新書「生まれが9割の世界をどう生きるか」を読了
SB新書の「生まれが9割の世界をどう生きるか 遺伝と環境による不平等な現実を生き抜く処方箋」
安藤寿康(じゅこう)著を読みました。
本書の帯にも書いてあるように「親ガチャは残念ながら正しい」という内容の本です。
まぁ「親ガチャ」という言葉が流行ってますから、その言葉をキャッチーに使っているのでしょう。
ちなみに、ボクは「ガチャ」は好きではないのでやりませんし、
ガチャ的な販売手法の(中身が何か分からない)商品も基本的に手を出そうとは思いませんけどね。
なお、著者は心理学、遺伝学、教育学などの専門家ということで、ボクより少し年上の方です。
ボクももう還暦ですから、いまさら親ガチャと言われても「あぁそうですか」という感想しかないし
「どう生きるか」と問われても、どちらと言えば「どう死ぬか」の方が重要になってきてますが……
本書の「はじめに」では冒頭から次のように書かれています。
(以下引用)
2021年に「親ガチャ」が新語・流行語大賞のトップ10に入りました。親の良し悪し
で子どもの人生が決められてしまう。それはスマホゲームやカプセルトイのガチャ同然、
運次第で、自分の努力ではどうしようもない。これがいまの若者を取り巻く閉塞感を象徴
する言葉として流行し、注目されたようです。(中略)
世界は遺伝ガチャと環境ガチャでほとんどが説明できてしまう不平等なものですが、世
界の誰もがガチャのもとで不平等であるという意味で平等であり、遺伝子が生み出した脳
が、ガチャな環境に対して能動的に未来を描いていくことのできる臓器なのだとすれば、
その働きがもたらす内的感覚に気づくことによって、その不平等さを生かして、前向きに
生きることができるのではないでしょうか。 (引用終わり)
この本を読んで、前向きに生きられるかどうかは人によりけりかもしれませんし、
それももしかしたら生まれが9割の親ガチャによって決まっているのかもしれませんが、
ではその9割の根拠とはなんなのでしょうか。
本書では、簡単な問い、例えば「親ガチャに外れたら、負け組決定ですか?」とかに対して、
これまた簡潔な答えが書いてあり、それから詳しい説明が展開されるという構成となっています。

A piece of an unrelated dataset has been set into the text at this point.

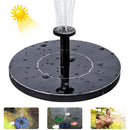 Chafariz Solar para Jardim | SunFountain + 4 Bicos de Brinde Chafariz Solar para Jardim - SunFountain + 4 Bicos de Brinde Importe Go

そこでは、遺伝の仕組みから始まり、双生児研究から統計的に遺伝率、共有環境、非共有環境の算出、
さらにDNA分析の結果など様々な科学的なデータを用いて説明されていきます。
ところが、実はそこを読んでも明確に「9割」の正体は読み取れません。
「生まれが9割」と絶望的ともいえる言葉が出てきているのに、先の問いに対しては、
「親による子育てや家庭の収入も、みなさんが思っていほど影響は大きくありません。」と
今度はなんだか救われるというか励まされるようなことも書いてあったりもします。
「9割」については、「おわりに」でやっとはっきりと次のように出てきます。
(以下引用)
前著『日本人の9割が知らない遺伝の真実』で行動遺伝学を紹介させていただいた時は、
(中略) その内容が本当に日本人の9割が知らないというエ
ビデンスなしにそんなタイトルにしたのは御愛嬌でしたが、今回の「生まれが9割」はそ
んなハッタリではありません。生まれとは遺伝と家庭環境(共有環境)の合わさったもの
ですが、知的能力や学力などは、その両方を足し合わせると8割から9割になります。そ
してそのいずれも本人にとってはガチャ、子ども自身の意志ではどうしようもない偶然で
す。 (引用終わり)
なので、生まれ=親ガチャでその人の人生の9割が決まってしまうということではありません。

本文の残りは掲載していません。